What is expected => Each line from the one holding "Imagen 9 de" to the last line below must be restated word for word, and no picture may be included.

Information shown =>
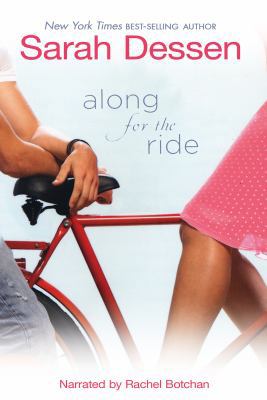 Along for the Ride, 11 CDs [Complete & Unabridg... 144073027X Book Cover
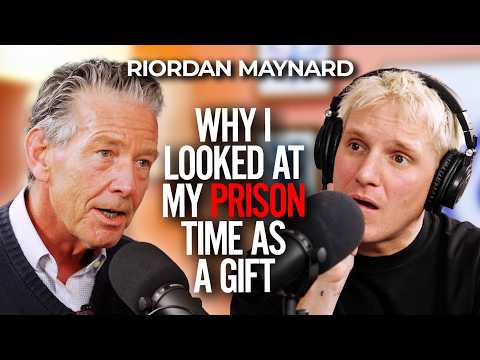 £200 MILLION to MAXIMUM SECURITY PRISON - THE INSANE STORY OF RIORDAN MAYNARD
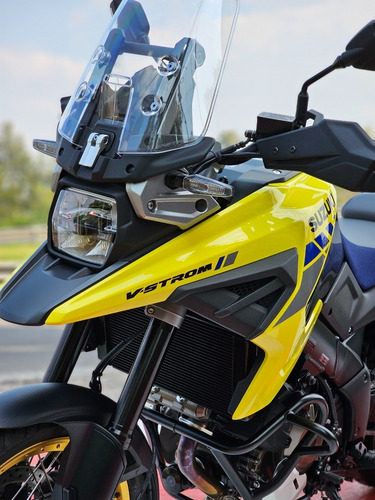 Imagen 9 de 25 de Suzuki V-strom 1050 Xt, No Honda África, Yamaha Tenere Jc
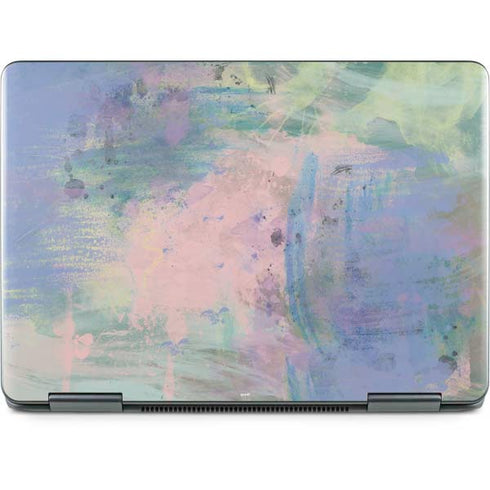 Rose Quartz & Serenity Abstract Notebook 9 Pro 13in (2017) Skin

Result of the task =>
 Imagen 9 de 25 de Suzuki V-strom 1050 Xt, No Honda África, Yamaha Tenere Jc
 Rose Quartz & Serenity Abstract Notebook 9 Pro 13in (2017) Skin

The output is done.